Assassin's Creed Valhalla - recensione
Negli anni il processo evolutivo della serie Assassin's Creed è stato lento e laborioso. Soprattutto, non è stato omogeneo. Alcuni capitoli hanno offerto miglioramenti modesti alle meccaniche precedenti, altri invece hanno introdotto veri e propri strappi col passato.
A sindacabile giudizio di chi scrive, le accelerazioni più vistose le abbiamo viste in Assassin's Creed IV: Black Flag e in Assassin's Creed: Origins, che un comune denominatore ce l'hanno, ossia il director Ashraf Ismail. Ed è quindi con una certa trepidazione che abbiamo seguito il lancio di questo nuovo capitolo, Valhalla, perché mentre in precedenza il 'regista' aveva condiviso la sedia con altre persone (Jean Guesdon e Damien Kieken in Black Flag, e Jean Guesdon in Origins), stavolta l'ultimo capitolo della serie lo vedeva come l'unico director.
Usiamo il passato, e non il presente, perché Ashraf Ismail è rimasto coinvolto nei mesi scorsi nell'ennesimo scandalo legato al #meetoo che, soprattutto al di là dell'Atlantico, è un tema particolarmente sentito in questa era di neopuritanesimo.

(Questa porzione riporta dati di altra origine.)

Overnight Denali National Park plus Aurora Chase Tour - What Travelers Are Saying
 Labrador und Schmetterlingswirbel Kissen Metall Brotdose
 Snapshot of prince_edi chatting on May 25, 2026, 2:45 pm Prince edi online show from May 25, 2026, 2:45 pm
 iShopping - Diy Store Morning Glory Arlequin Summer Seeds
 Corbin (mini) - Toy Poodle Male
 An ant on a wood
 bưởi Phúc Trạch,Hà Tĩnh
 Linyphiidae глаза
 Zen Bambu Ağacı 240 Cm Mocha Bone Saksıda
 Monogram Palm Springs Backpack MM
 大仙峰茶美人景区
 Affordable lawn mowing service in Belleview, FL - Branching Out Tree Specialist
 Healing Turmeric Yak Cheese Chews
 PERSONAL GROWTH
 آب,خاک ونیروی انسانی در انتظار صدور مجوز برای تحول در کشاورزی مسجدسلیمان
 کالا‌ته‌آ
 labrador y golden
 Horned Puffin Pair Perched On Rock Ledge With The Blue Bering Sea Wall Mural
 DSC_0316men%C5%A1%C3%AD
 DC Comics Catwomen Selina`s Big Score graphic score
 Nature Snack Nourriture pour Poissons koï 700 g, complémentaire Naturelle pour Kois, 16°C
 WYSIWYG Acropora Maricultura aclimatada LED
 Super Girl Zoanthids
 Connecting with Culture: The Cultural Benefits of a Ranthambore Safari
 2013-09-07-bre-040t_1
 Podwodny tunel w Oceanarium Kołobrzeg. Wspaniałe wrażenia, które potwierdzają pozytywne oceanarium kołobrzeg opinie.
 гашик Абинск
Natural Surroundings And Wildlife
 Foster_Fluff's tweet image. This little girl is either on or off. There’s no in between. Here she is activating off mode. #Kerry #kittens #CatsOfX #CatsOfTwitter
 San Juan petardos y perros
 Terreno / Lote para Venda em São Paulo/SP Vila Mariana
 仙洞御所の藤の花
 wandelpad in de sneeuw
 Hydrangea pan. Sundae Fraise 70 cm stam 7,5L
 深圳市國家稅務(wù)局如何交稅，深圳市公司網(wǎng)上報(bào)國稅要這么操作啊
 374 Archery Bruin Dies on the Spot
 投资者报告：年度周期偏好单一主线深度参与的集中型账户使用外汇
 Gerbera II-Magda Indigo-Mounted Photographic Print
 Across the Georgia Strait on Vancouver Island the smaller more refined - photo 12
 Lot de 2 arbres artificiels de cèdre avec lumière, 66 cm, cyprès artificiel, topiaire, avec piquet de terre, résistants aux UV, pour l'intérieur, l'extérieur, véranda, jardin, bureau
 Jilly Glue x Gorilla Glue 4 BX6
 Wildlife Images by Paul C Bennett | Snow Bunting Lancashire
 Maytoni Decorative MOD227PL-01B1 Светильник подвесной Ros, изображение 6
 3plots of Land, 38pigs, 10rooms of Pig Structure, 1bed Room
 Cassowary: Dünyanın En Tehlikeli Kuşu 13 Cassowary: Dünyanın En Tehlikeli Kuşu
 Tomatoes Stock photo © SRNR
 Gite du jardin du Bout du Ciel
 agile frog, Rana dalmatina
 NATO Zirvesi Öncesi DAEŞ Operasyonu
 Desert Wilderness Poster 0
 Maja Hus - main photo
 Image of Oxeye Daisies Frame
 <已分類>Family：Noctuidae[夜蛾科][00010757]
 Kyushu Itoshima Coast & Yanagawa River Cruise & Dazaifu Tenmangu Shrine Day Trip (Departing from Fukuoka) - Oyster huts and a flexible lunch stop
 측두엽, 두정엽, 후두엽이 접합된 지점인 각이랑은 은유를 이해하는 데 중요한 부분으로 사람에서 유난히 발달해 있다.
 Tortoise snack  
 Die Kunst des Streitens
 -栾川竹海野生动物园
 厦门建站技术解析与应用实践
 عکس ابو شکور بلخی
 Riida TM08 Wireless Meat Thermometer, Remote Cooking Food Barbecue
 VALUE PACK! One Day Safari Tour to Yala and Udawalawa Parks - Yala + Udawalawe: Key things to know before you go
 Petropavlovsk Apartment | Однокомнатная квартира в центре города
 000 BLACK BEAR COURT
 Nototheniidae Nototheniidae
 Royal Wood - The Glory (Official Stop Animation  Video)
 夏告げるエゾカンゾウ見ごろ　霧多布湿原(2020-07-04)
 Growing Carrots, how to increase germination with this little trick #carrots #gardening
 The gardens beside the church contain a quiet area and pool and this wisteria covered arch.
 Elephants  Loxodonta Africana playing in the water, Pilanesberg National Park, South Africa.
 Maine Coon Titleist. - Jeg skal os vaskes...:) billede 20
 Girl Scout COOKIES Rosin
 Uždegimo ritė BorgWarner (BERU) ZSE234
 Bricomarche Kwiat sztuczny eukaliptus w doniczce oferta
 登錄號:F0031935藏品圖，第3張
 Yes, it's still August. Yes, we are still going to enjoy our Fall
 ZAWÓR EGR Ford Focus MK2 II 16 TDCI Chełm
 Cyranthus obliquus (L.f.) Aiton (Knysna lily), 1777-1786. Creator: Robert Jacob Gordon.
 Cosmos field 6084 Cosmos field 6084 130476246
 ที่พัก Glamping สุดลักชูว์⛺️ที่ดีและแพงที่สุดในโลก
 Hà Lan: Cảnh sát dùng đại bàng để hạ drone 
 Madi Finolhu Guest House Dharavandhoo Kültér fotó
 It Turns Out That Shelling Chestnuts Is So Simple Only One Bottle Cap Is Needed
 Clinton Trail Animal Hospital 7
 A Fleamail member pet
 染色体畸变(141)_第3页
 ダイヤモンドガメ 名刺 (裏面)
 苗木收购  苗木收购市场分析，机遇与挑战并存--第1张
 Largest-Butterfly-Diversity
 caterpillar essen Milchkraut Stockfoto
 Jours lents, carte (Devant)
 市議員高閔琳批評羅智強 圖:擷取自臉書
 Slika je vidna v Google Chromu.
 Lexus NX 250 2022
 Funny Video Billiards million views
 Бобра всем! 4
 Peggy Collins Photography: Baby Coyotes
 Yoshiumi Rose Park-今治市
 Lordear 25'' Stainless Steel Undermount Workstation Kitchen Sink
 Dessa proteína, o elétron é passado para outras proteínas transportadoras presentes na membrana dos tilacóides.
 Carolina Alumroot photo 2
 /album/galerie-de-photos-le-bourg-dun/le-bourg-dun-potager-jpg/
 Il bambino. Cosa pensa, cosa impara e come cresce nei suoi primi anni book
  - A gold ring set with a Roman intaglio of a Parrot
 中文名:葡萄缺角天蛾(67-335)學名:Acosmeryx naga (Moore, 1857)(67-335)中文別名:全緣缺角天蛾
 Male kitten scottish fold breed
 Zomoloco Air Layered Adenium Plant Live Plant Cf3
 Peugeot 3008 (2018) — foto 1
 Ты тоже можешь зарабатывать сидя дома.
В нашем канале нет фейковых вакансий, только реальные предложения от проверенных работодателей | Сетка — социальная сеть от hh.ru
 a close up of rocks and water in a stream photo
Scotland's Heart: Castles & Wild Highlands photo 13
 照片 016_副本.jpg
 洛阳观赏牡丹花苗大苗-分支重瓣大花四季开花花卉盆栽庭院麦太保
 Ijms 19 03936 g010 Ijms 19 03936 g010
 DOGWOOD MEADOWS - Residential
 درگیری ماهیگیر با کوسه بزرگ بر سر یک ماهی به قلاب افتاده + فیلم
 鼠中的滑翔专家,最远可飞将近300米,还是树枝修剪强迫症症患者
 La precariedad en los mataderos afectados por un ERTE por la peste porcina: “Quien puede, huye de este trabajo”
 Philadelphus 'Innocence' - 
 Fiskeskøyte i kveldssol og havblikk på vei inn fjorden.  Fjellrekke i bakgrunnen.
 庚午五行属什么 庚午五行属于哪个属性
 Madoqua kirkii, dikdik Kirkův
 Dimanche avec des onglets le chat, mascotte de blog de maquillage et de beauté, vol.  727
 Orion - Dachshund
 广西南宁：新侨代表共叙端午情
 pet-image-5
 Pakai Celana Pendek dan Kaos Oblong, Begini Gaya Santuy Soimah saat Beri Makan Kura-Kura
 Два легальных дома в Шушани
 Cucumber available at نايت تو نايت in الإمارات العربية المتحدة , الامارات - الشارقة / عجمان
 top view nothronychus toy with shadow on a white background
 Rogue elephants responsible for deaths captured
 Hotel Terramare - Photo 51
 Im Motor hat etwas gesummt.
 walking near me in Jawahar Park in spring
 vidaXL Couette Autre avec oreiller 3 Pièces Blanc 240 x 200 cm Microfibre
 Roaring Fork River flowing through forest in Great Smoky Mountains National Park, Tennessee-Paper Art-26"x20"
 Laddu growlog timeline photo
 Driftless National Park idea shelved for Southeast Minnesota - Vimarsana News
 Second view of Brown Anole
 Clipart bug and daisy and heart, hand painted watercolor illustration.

E così, a fronte di accadimenti che qui in Italia avrebbero comportato un'alzata di spalle (è stato accusato dalla sua ex amante di aver avuto con lei una relazione extraconiugale senza dirle che era sposato), Ubisoft ha pensato di relegare l'ennesima persona nel girone della "cancel culture". Col risultato che ora a presentare alla stampa questo ultimo episodio non è chi l'ha condotto praticamente in porto, ma il producer Julien Laferrière.